Le code de la route est inexistant. En soi, son inexistence même est un code également, car pointe-toi en voiture à Delhi, lecteur intrépide, et je te défie de trouver un conducteur qui respecte une priorité à droite! Et tu ne resteras pas une journée en vie non plus si tu es le seul à le respecter.

Sans connaître le code religieux, on se fait refouler à l'entrée des temples car on n'est pas habillé correctement ou pieds nus. Sans code social, on ébouriffe la tête d'un enfant adorable qui nous salue, et c'est signe de malchance pour lui, on mange de la main gauche, acte impur, ou l'on croit les trois quarts des jeunes hommes indiens homosexuels parce qu'ils se tiennent la main ou marchent enlacés dans la rue.

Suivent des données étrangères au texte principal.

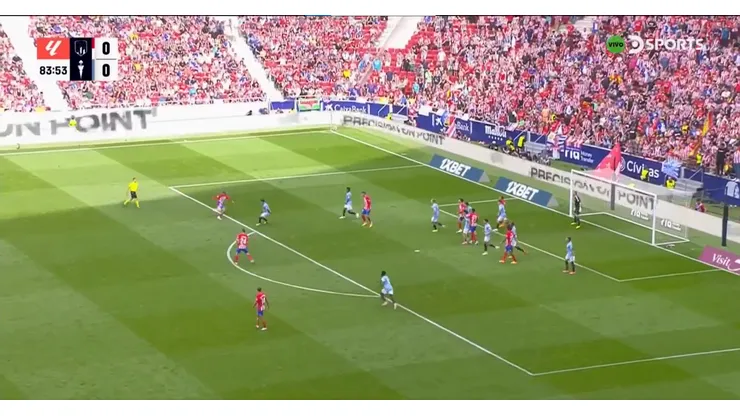 De Paul le dio la victoria a Atlético de Madrid.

Et que dire du code culinaire dans les restaurants ? Si on ne le connaît pas, que faire de ces petits oignons roses avec ces sauces, distribués en début de repas ? Comment déguster un repas indien sans couteau ? Et pourquoi nous apporter de l'eau chaude citronnée à la fin ? A boire ? Et ces graines d'anis, après la note, avec ce sucre en très gros grain... La liste est interminable.

Pour moi, la beauté du voyage, l'excitation qu'il génère, au-delà de la découverte de nouveaux paysages et de nouvelles personnes, provient en partie de ce code auquel on se confronte et qu'on apprend à apprivoiser jour après jour, apprenant de nouveaux mots, saluant avec le bon geste des mains (jointes en prière). Et ces connaissances, une fois mises en pratique, sont instinctivement reconnues, évaluées par les locaux et acceptées comme autant de marques de respect pour leur culture. 

Après quinze jours, nous avons une "maîtrise fragile" des codes indiens. Il nous faudrait rester plus longtemps pour "consolider nos acquis". Ce pourrait être l'objet d'un troisième périple, déjà en amorce de gestation : les grandes cités de l'Est. Varanasi, Calcutta, avant de terminer au Népal. 

L'année prochaine devrait également marquer le début d'une nouveauté : le "Voyage en Terre Inconnue". L'un de nous préparera, l'autre ne saura rien jusque dans l'avion. Idiot, mais terriblement excitant...

Merci à toi, cher lecteur, de nous avoir accompagnés en Inde. En espérant t'avoir donné l'envie de (re)découvrir ce beau pays.